To see Federer back playing the way he is, is pretty special. That most fluid of games remains mesmerising. He is so light on his feet and it just seems like poetry has returned to tennis.

When he won the BNP Paribas Open for the third time he came through a quarter that was referred to as the “draw of death”. The section he was in also had Rafa Nadal, Nick Kyrgios and Djokovic. It was a monster but he got through and with that had to be seen as the form player of the year so far because he’d won the two biggest events of the season up to that stage.

“For me, the dream run continues. The fairytale of the comeback that I have already shown in Australia,” Federer said. “Again, I'm not as surprised as I was in Australia, but still this comes as a big, big surprise to me, nevertheless, to win here again and beating the players that I did and the way I did. I mean, couldn't be more happy.

“It's an absolute, huge start to the year for me. Yeah, last year didn't win any titles. I don't think I was in any finals except maybe Brisbane last year. The change is dramatic, and it feels great.”

At 35, Federer seems to have a freshness about him all over again. In a strange way the six months he removed himself from the tour last year for physical reasons could possibly be seen as a blessing. It was strange not seeing him hoist a trophy for the first time since he became a star but like his fellow 35 year old Serena Williams who has had a number of spells where she has not been able to play, it seems to have helped keep the passion there.
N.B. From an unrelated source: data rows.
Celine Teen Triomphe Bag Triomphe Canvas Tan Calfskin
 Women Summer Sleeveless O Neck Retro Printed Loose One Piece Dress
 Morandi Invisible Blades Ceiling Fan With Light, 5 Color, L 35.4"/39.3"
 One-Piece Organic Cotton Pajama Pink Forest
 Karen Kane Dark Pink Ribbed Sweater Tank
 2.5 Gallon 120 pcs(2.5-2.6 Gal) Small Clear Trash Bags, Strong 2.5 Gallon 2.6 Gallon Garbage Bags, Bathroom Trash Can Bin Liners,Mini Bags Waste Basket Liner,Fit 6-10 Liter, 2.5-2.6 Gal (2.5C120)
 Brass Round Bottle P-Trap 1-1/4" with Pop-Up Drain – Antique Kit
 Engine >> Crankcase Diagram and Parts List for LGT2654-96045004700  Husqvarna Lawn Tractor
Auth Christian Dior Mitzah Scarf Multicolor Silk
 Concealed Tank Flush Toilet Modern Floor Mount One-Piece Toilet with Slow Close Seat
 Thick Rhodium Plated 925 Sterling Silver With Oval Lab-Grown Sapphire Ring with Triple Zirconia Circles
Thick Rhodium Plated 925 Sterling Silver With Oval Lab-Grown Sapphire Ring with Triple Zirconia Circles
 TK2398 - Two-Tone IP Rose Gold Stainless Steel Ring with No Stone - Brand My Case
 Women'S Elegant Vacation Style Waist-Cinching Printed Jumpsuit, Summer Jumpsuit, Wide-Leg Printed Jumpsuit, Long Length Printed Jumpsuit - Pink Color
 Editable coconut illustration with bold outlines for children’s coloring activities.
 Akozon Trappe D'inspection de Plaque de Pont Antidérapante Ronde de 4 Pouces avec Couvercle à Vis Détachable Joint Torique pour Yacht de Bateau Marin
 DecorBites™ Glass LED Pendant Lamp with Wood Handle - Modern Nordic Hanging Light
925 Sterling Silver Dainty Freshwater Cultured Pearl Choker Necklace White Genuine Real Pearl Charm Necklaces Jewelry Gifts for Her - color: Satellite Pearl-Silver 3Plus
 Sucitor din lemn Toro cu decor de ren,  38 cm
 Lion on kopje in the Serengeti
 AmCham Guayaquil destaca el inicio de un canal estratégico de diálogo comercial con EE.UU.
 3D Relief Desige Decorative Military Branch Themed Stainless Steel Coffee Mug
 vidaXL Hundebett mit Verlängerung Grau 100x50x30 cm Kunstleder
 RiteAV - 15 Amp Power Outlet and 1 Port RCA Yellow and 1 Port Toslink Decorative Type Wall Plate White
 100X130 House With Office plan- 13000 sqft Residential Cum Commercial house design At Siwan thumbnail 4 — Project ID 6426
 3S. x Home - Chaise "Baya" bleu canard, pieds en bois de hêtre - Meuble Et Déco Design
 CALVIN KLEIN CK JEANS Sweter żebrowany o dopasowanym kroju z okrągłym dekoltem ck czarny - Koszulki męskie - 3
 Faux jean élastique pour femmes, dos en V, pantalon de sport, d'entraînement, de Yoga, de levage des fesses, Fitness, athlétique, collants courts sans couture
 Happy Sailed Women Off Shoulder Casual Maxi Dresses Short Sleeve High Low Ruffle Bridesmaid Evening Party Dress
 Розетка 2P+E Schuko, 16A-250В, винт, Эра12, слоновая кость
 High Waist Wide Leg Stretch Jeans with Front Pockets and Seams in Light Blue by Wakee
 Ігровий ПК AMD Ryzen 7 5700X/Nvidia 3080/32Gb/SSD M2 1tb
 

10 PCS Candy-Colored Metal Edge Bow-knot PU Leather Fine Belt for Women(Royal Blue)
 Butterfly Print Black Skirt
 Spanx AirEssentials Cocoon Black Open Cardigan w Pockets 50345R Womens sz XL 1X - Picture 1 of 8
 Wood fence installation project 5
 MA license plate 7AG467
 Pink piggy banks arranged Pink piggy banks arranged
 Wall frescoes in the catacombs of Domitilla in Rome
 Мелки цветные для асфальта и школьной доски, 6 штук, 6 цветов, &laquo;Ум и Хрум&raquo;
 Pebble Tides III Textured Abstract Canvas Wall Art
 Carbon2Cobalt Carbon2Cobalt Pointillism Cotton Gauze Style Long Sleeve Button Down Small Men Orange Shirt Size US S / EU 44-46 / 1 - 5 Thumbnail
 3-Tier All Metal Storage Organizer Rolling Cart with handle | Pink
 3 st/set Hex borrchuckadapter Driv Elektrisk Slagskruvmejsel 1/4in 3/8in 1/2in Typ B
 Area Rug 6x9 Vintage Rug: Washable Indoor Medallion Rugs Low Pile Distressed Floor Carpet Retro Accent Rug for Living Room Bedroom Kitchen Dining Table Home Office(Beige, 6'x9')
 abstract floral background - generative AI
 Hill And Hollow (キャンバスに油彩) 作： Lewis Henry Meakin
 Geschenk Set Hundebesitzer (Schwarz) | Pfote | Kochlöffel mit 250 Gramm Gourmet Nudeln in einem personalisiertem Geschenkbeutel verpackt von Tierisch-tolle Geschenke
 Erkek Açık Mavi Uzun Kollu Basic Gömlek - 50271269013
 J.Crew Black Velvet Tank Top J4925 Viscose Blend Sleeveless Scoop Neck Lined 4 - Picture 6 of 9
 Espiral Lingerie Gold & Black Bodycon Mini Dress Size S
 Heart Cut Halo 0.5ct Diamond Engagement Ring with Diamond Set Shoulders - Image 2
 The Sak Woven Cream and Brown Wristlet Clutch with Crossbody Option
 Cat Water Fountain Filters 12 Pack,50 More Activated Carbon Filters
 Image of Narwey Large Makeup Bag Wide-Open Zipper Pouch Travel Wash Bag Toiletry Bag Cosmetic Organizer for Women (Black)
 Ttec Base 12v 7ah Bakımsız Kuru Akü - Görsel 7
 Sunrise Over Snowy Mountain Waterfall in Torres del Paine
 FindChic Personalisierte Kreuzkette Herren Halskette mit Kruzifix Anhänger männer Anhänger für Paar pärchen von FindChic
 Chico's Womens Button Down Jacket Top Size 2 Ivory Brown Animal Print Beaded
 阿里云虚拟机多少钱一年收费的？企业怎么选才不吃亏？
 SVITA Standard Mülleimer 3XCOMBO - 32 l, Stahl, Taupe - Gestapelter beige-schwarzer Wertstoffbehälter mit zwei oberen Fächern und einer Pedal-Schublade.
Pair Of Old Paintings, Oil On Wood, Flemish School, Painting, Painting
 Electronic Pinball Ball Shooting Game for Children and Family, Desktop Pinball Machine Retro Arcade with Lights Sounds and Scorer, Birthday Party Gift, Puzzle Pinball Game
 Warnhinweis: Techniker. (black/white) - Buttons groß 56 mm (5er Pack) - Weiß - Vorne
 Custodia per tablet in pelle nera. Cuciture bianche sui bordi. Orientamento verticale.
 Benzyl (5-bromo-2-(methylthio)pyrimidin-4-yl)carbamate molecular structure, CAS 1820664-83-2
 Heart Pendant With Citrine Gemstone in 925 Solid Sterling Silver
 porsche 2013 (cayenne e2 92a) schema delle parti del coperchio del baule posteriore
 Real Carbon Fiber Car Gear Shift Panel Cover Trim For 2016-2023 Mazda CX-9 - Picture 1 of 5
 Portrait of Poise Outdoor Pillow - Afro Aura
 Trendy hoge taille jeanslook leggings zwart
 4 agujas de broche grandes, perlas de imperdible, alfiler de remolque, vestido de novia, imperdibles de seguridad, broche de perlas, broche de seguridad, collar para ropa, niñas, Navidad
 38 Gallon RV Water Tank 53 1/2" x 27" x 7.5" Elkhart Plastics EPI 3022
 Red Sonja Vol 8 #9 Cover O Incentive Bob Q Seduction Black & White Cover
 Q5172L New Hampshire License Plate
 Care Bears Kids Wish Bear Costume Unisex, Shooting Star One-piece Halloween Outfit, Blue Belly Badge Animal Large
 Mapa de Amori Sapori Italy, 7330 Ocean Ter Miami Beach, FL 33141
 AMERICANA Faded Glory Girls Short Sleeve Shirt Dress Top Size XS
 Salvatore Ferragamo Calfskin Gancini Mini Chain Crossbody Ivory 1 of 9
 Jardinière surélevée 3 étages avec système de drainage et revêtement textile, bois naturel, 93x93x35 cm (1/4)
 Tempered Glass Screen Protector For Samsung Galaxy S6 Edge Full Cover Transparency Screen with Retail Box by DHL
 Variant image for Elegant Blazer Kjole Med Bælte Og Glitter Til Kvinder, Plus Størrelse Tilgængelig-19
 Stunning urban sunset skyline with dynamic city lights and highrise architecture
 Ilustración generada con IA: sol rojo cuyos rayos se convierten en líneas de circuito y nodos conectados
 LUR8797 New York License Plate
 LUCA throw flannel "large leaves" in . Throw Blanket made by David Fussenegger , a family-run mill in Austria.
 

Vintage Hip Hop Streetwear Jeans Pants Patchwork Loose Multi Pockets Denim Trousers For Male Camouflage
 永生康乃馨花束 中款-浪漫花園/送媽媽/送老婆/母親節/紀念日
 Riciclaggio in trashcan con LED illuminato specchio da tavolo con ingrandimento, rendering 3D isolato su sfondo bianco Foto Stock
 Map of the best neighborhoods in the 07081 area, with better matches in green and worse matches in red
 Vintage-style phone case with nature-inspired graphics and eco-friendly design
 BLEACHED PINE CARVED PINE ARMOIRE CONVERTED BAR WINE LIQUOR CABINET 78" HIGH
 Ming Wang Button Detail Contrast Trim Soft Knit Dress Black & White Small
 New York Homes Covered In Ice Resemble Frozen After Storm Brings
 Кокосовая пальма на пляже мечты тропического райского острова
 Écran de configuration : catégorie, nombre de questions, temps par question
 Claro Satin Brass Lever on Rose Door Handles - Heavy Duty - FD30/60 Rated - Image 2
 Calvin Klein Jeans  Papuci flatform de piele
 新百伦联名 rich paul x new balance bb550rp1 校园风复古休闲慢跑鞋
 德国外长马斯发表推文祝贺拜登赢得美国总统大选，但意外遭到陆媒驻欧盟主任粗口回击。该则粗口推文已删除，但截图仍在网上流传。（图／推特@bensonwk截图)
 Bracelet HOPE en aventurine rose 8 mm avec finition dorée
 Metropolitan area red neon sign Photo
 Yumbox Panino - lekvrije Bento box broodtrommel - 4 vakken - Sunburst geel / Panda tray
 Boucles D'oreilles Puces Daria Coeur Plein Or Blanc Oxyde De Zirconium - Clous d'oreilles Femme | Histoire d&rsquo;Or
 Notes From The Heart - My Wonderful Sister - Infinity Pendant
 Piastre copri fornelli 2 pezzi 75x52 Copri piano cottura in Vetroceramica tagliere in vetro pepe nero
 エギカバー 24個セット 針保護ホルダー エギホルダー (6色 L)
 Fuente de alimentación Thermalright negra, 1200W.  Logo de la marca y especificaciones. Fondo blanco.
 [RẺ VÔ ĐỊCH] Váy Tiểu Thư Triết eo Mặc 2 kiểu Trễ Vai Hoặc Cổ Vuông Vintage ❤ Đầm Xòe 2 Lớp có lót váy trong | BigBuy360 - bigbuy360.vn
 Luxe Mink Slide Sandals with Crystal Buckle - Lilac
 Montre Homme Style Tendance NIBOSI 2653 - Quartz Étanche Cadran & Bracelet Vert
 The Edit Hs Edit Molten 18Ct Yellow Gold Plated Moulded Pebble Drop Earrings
The BNP Paribas Open title was his 90th, a “huge milestone” putting him 19 behind the all-time record held by Jimmy Connors. However, Federer says it is not a goal of his to play until he reaches 100 titles or something like that although “it’s a nice goal to have”. Plus, it is too early in his comeback to consider such lofty ambitions.

Lofty? It is Roger Federer after all.

“I was just happy to be feeling healthy again at the end of last year,” Federer said. “So when I set myself the goals was to play, you know, through Miami and see how I feel, sort of three, four months into the season. So I couldn't think of, you know, reaching 100 titles. I was just happy to be playing another 10 events maybe.

“But, you know, that stuff can change. Ask me again in three to six months, you know, how I'm feeling, if I won any more or not. Things are going very well right now.”

Federer makes it clear that things are ahead of schedule with his comeback and he will only stop referring to a “comeback” in April. He said that is how he saw the situation in November and he is sticking to it.

“This is the ultimate test, if you like, playing Indian Wells and Miami,” he said. “I'm very pleased how my body has pulled up, and it's great to see that I'm playing as well as I am. I didn't expect it, because I was tired still in Dubai. I think that had something to do definitely with Australia still and healing the injury that I had. I got the energy back and the spark is back in my legs and in my game. I'm playing good, so I'm very happy.”

Suddenly some observers are even talking about a possible tilt at No.1 at the end of the year. He has no ranking points to defend from Wimbledon onwards so can only gain places. Still, it’s a long way off with lots to play and Andy Murray and Novak Djokovic are most definitely still the favourites where they play.

But heck if Federer were to do that, could it be regarded as his best SABR?